2. Die dagegen gerichtete Rüge der Gläubigerin hat Erfolg.

Sie beanstandet zu Recht, dass das Beschwerdegericht bei seiner Beurteilung maßgebend auf Satz 2 des Vergleichs abstellt und den für die Auslegung des Titels entscheidenden Satz 1 nicht in rechtlich gebotener Weise berücksichtigt. Nach Satz 1 des Vergleichs zahlt der Ehemann (= Schuldner) an die Ehefrau (= Gläubigerin) eine lebenslängliche Leibrente von monatlich 1.250 DM. Dieser Betrag ist bestimmt. Die Gläubigerin betreibt die Zwangsvollstreckung wegen Unterhaltsrückstandes aus einem Teil dieses Betrags. Hinsichtlich dieses Betrages ist und bleibt der Vergleich, ungeachtet der Regelung in Satz 2, vollstreckbar. Soweit der Schuldner die Ansicht vertritt, es sei wegen der veränderten Sonderzahlung zu seinen Ungunsten eine Änderung eingetreten, die zur Reduzierung seiner Zahlungsverpflichtung führe, handelt es sich um eine materiell-rechtliche Einwendung, die nichts an der Bestimmtheit des Titels ändert (BGH, Urteil vom 16. April 1997 - VIII ZR 239/96, NJW 1997, 2887 m.w.N.) und die im vorliegenden Verfahren nicht erhoben werden kann, vielmehr im Rahmen der für eine derartige Änderung eröffneten prozessualen Vorgehensweisen verfolgt werden muss.

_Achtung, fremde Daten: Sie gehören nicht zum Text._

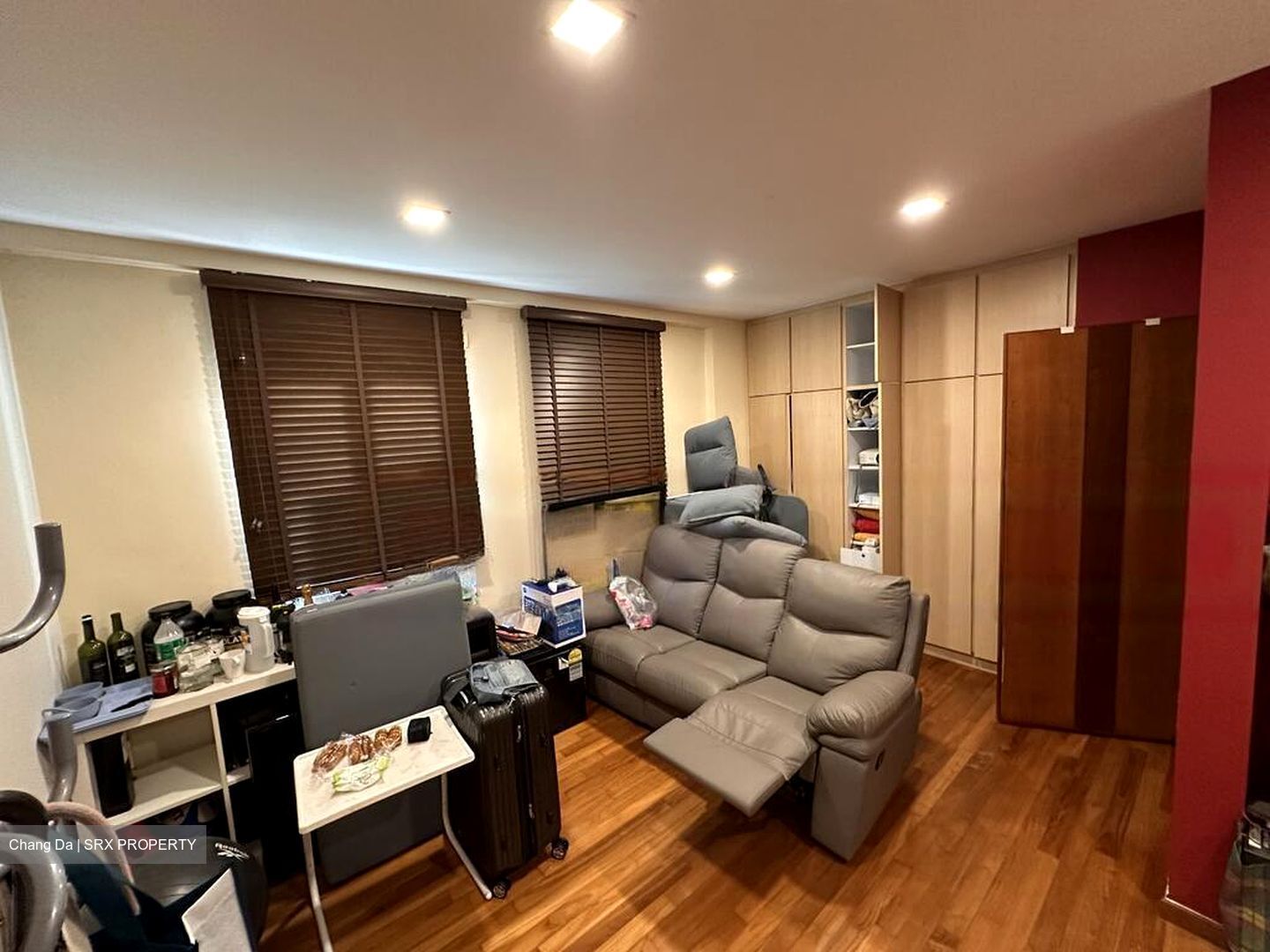 Stratton Green (D28), Terrace #568866911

Das Landgericht stützt seine abweichende Ansicht zu Unrecht auf die Entscheidung des Bundesgerichtshofs vom 24. Oktober 1956 (V ZR 127/55, BGHZ 22, 54, 57). Dort war die Unterhaltsrente nicht in einem bestimmten Betrag bezeichnet, sondern mit 50 % der monatlichen Höchstpension eines Bayerischen Notars. Hier hingegen ist die Leibrente mit 1.250 DM monatlich bestimmt.